PROBLEM TO SOLVE.
Print every entry below again exactly as written, skipping the pictures.
=== DATA IN THIS EXERCISE ===
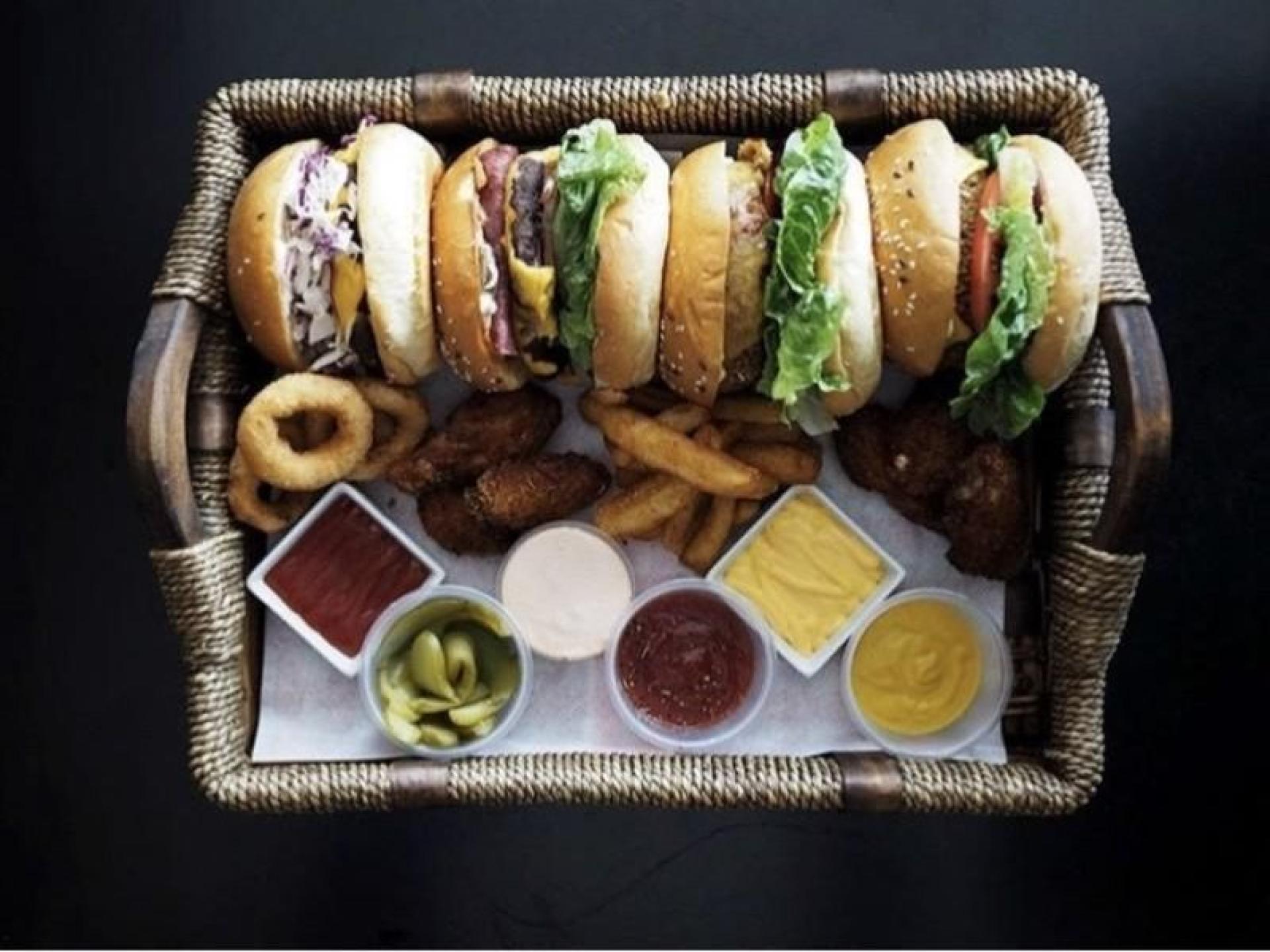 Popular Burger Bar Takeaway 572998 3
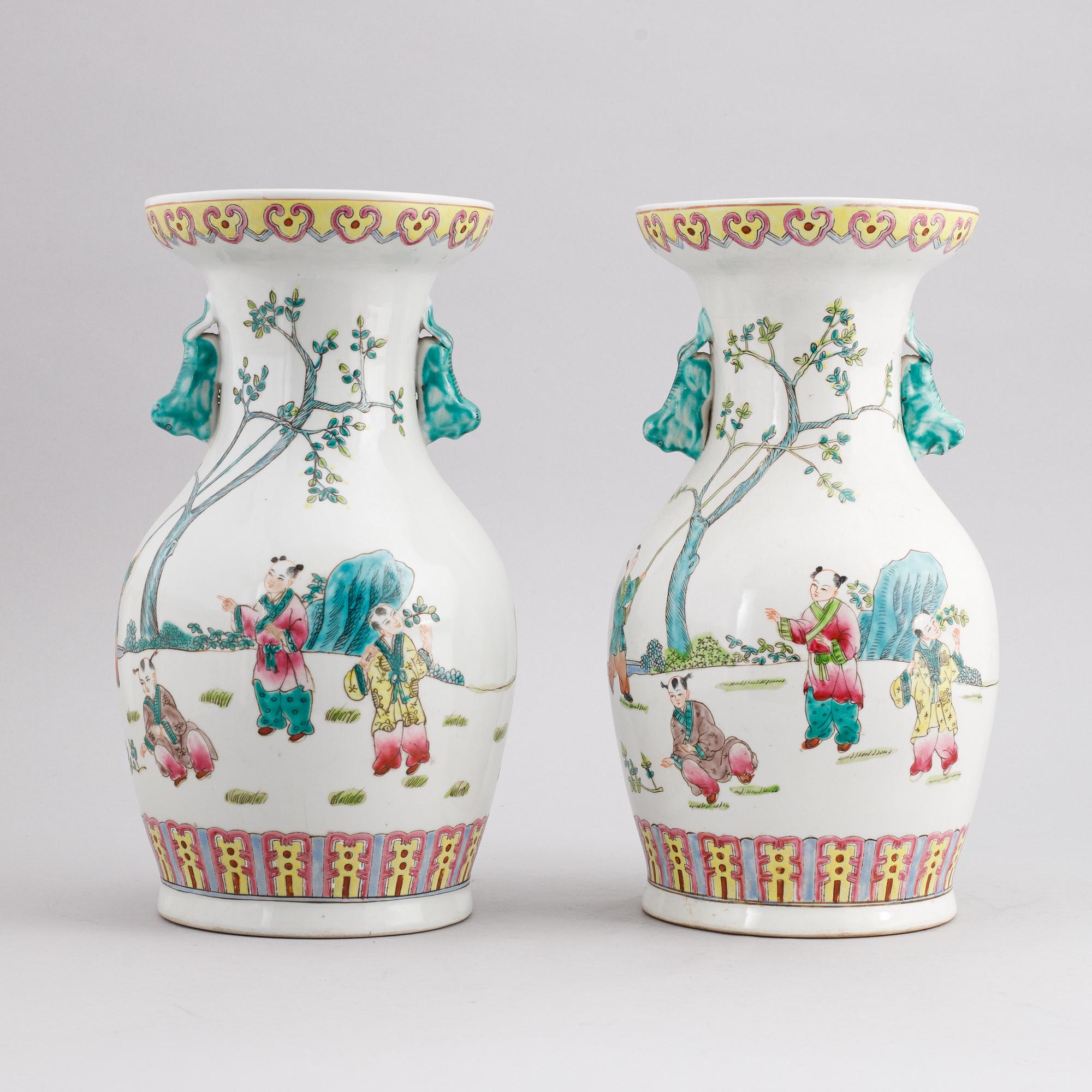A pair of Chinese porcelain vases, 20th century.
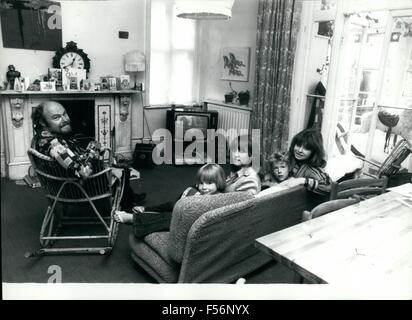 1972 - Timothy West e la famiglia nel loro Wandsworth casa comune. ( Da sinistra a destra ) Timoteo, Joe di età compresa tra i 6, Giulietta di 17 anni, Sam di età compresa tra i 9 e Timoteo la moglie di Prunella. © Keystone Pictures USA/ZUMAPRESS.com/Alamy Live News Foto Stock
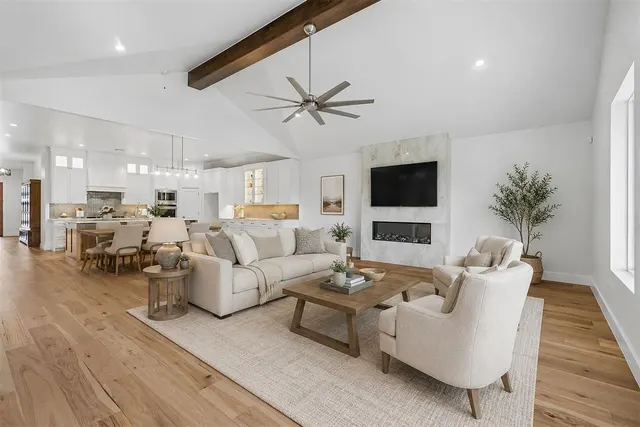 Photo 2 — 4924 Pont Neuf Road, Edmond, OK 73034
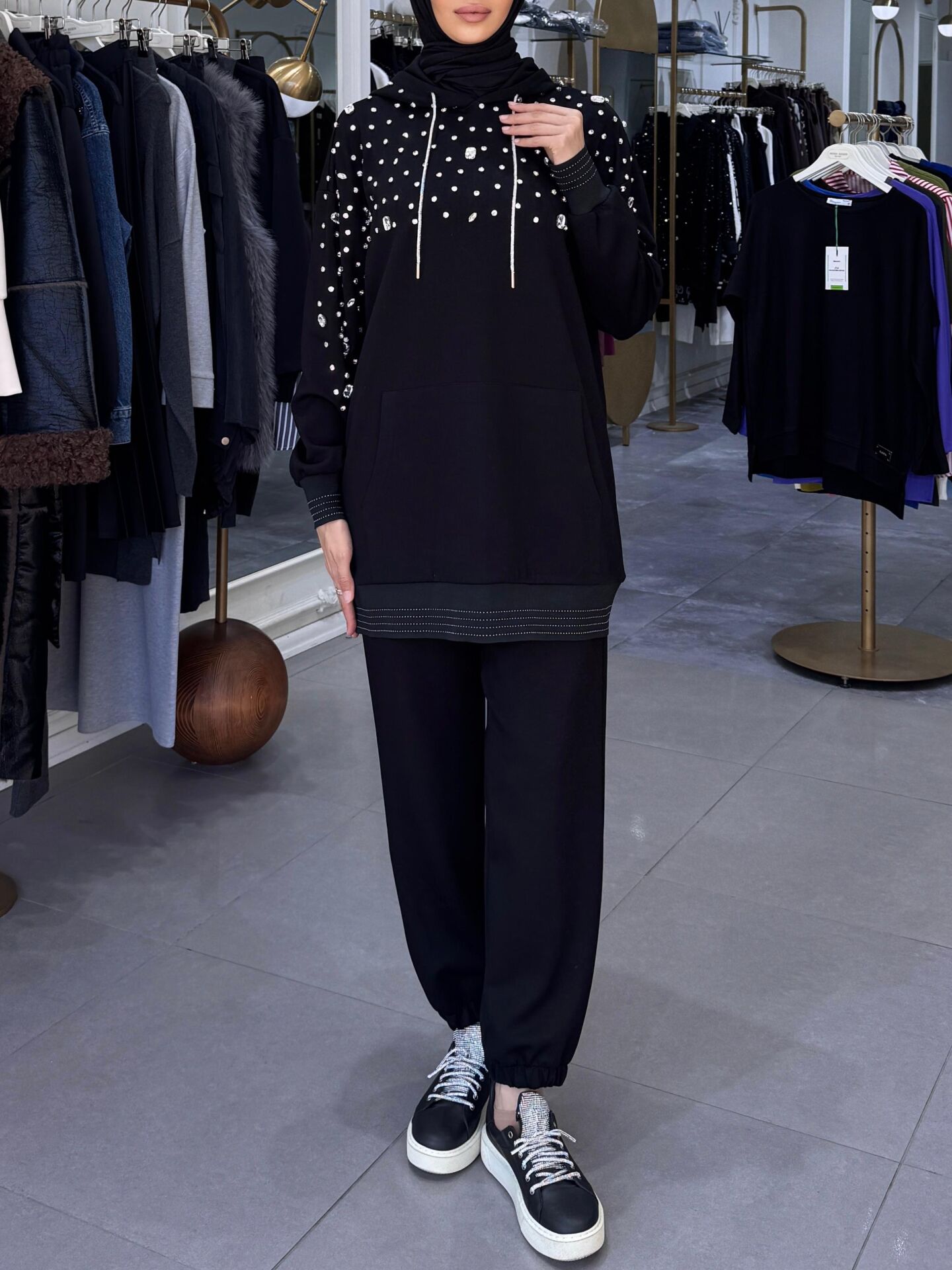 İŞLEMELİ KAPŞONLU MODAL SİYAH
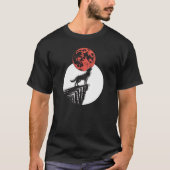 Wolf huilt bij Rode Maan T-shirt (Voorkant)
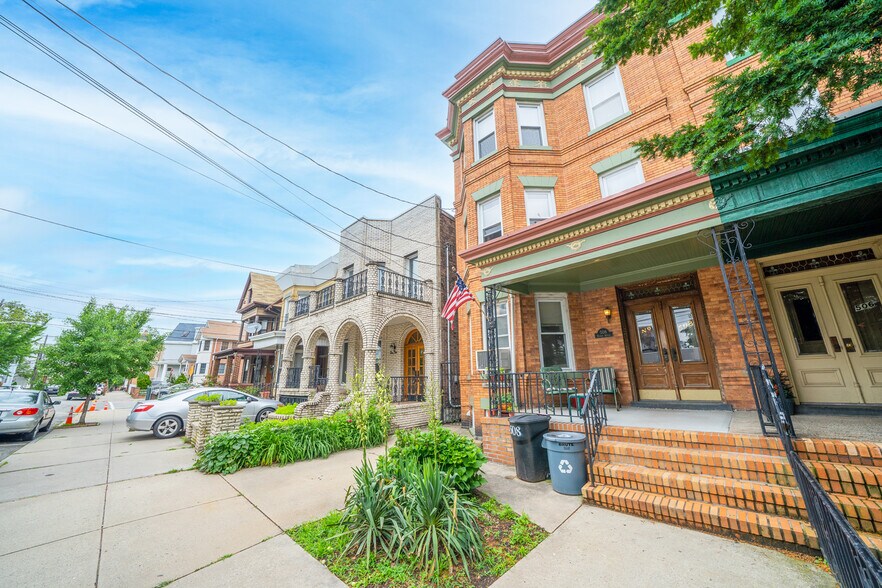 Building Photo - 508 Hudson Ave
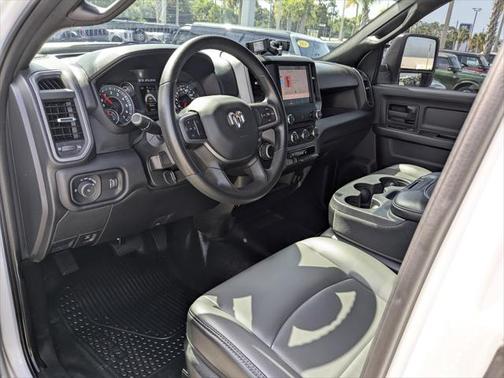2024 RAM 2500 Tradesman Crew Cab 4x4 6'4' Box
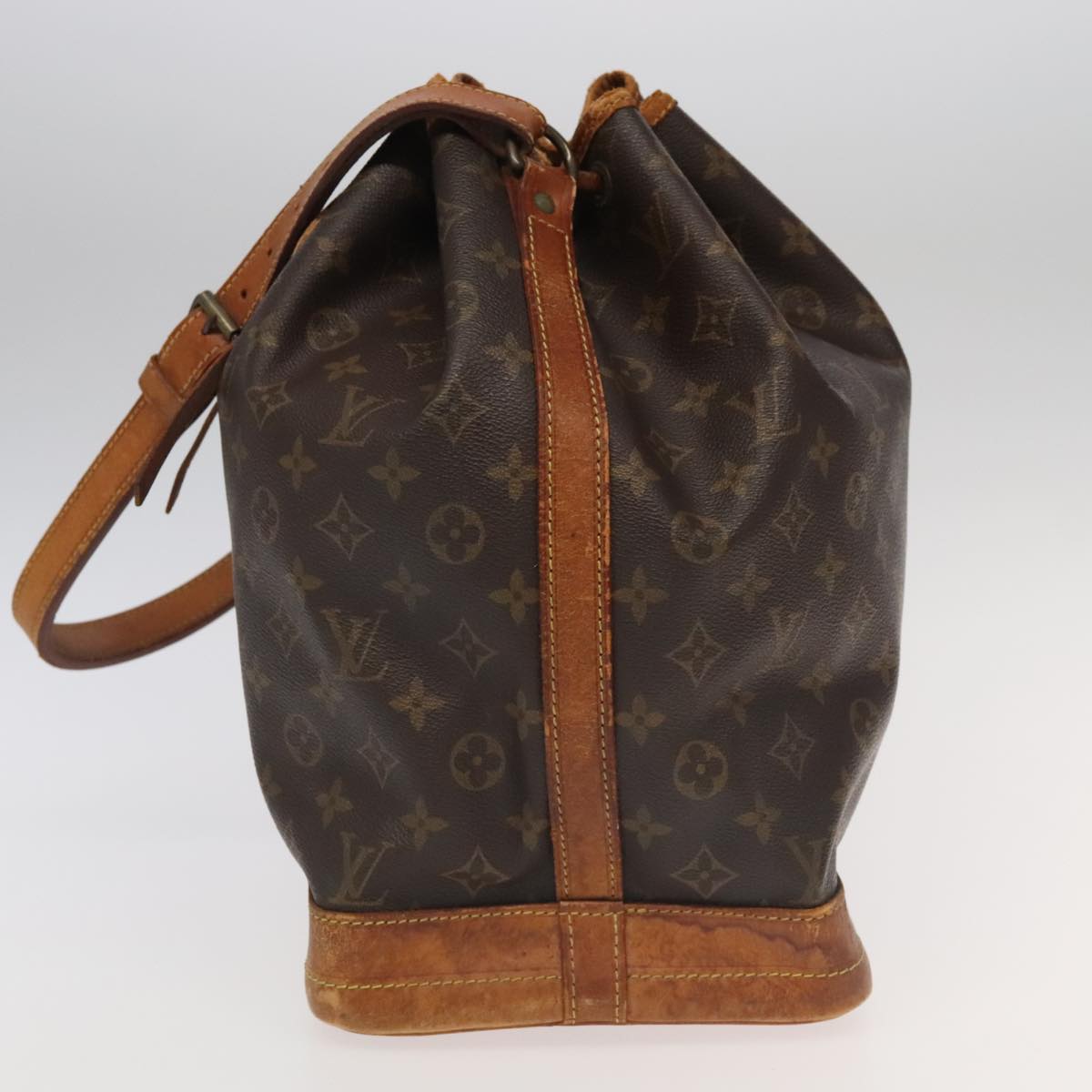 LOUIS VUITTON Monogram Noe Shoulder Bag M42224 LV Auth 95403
===
EXERCISE SOLUTION.
 Popular Burger Bar Takeaway 572998 3
A pair of Chinese porcelain vases, 20th century.
 1972 - Timothy West e la famiglia nel loro Wandsworth casa comune. ( Da sinistra a destra ) Timoteo, Joe di età compresa tra i 6, Giulietta di 17 anni, Sam di età compresa tra i 9 e Timoteo la moglie di Prunella. © Keystone Pictures USA/ZUMAPRESS.com/Alamy Live News Foto Stock
 Photo 2 — 4924 Pont Neuf Road, Edmond, OK 73034
 İŞLEMELİ KAPŞONLU MODAL SİYAH
 Wolf huilt bij Rode Maan T-shirt (Voorkant)
 Building Photo - 508 Hudson Ave
2024 RAM 2500 Tradesman Crew Cab 4x4 6'4' Box
 LOUIS VUITTON Monogram Noe Shoulder Bag M42224 LV Auth 95403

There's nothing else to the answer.